_Directions_. Reproduce the entries below exactly, but only from the line containing "Jams World Pants" to the line containing "There’s no lovelier", inclusive.

========

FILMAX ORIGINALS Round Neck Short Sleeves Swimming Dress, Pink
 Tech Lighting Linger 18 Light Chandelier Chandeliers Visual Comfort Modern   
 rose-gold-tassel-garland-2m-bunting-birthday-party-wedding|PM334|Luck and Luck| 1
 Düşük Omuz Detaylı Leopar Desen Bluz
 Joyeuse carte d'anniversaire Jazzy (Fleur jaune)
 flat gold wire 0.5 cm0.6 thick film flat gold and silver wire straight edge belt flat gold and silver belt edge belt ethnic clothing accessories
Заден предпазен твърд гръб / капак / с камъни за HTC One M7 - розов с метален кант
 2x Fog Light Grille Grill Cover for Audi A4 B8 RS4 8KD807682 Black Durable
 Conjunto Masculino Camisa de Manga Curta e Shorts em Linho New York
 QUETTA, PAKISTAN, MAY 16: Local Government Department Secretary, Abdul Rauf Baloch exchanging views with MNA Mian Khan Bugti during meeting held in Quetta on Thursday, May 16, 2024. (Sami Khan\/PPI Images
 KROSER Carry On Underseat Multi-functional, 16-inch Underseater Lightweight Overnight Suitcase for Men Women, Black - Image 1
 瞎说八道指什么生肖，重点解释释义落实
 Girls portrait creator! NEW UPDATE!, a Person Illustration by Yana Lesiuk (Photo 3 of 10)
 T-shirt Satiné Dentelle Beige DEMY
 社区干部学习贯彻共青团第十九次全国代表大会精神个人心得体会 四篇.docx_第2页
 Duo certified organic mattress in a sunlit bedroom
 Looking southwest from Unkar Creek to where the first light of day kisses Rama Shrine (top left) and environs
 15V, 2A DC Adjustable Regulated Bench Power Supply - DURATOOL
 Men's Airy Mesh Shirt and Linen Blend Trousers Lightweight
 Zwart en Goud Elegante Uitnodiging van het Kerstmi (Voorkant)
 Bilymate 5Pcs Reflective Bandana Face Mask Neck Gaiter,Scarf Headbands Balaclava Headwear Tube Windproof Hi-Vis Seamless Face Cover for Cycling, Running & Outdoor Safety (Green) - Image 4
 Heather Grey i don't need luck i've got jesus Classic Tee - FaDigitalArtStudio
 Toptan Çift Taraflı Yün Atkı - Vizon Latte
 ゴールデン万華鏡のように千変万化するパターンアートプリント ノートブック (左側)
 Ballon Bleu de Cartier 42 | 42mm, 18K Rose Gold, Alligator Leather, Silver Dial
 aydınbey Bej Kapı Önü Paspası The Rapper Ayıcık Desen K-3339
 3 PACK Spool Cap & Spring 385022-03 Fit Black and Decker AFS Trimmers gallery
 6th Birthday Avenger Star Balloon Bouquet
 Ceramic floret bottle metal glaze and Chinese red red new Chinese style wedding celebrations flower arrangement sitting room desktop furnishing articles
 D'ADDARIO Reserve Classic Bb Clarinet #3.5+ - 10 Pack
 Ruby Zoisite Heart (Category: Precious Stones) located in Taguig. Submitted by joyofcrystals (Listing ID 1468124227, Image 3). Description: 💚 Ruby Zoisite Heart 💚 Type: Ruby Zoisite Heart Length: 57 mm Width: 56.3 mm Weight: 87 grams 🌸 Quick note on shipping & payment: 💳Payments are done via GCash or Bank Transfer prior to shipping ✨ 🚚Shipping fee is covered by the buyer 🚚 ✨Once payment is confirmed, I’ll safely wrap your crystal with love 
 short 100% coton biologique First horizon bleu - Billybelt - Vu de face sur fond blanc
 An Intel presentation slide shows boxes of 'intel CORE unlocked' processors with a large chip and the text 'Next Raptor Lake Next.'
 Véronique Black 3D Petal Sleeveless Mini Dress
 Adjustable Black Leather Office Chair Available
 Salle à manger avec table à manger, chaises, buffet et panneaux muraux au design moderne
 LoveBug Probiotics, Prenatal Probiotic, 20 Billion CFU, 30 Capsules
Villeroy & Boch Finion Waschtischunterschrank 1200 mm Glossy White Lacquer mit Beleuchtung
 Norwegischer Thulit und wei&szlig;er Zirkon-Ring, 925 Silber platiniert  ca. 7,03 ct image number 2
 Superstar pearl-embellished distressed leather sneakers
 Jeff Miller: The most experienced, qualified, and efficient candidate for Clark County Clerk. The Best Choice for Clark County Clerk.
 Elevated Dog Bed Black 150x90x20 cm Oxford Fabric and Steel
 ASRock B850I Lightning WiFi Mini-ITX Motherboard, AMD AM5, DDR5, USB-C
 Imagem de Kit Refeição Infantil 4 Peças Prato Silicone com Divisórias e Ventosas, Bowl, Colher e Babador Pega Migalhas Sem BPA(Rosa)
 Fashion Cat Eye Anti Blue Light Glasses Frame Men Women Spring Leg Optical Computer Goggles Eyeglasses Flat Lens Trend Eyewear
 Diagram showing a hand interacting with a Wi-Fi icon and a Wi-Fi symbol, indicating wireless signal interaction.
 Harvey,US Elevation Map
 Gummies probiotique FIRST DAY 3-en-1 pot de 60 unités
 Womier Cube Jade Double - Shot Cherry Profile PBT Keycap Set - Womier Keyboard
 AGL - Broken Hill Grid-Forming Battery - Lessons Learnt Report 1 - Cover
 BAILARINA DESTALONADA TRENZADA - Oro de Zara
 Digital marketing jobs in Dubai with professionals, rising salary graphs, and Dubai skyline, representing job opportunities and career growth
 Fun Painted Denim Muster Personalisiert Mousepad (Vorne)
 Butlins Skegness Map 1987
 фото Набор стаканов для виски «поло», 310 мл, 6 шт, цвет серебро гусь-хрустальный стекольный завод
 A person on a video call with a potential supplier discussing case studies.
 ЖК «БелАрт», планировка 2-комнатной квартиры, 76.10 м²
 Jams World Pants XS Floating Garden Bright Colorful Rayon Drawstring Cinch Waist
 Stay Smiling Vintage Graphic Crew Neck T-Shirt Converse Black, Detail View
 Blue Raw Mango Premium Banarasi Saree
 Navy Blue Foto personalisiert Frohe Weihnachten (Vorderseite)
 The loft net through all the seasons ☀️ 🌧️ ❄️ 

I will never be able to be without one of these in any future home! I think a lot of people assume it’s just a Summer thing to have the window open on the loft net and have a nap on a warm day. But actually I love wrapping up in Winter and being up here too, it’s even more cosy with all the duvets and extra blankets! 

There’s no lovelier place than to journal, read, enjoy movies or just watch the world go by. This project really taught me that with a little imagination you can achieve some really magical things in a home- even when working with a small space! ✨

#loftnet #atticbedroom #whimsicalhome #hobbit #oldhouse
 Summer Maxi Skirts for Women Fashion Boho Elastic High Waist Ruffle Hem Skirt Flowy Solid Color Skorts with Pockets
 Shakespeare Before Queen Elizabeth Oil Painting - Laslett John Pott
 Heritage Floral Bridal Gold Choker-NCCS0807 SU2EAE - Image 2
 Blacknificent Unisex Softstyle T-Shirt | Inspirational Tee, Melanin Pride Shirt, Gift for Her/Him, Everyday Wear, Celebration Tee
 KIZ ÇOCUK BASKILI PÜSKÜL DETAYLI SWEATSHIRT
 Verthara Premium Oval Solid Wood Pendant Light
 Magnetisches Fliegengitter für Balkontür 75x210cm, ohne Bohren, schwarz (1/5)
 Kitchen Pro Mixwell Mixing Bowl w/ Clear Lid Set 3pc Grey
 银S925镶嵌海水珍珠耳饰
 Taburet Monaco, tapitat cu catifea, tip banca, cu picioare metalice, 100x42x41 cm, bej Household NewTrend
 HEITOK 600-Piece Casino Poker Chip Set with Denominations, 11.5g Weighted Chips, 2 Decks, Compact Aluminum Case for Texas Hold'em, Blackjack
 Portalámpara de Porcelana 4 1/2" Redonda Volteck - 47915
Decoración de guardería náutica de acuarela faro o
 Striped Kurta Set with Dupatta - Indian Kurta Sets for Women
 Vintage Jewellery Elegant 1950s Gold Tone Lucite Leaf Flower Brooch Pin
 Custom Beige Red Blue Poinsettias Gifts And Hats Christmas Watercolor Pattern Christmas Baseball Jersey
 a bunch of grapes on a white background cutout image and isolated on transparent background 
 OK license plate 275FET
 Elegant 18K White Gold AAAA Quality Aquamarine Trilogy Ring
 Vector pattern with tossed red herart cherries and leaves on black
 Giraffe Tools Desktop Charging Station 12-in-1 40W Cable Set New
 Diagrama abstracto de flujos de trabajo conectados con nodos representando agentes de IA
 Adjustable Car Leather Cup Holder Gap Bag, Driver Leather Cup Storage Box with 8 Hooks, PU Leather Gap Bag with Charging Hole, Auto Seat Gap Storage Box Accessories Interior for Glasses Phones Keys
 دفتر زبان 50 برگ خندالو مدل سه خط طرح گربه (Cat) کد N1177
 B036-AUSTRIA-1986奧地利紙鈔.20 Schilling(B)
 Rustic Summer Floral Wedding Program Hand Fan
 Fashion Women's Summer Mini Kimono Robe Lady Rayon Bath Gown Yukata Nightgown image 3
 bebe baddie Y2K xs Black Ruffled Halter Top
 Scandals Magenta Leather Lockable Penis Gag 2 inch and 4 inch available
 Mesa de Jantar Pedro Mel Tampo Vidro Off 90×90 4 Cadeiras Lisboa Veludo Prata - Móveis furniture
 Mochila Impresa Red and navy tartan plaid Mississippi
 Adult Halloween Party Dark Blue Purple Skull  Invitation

========

_Exercise response_.
 Jams World Pants XS Floating Garden Bright Colorful Rayon Drawstring Cinch Waist
 Stay Smiling Vintage Graphic Crew Neck T-Shirt Converse Black, Detail View
 Blue Raw Mango Premium Banarasi Saree
 Navy Blue Foto personalisiert Frohe Weihnachten (Vorderseite)
 The loft net through all the seasons ☀️ 🌧️ ❄️ 

I will never be able to be without one of these in any future home! I think a lot of people assume it’s just a Summer thing to have the window open on the loft net and have a nap on a warm day. But actually I love wrapping up in Winter and being up here too, it’s even more cosy with all the duvets and extra blankets! 

There’s no lovelier place than to journal, read, enjoy movies or just watch the world go by. This project really taught me that with a little imagination you can achieve some really magical things in a home- even when working with a small space! ✨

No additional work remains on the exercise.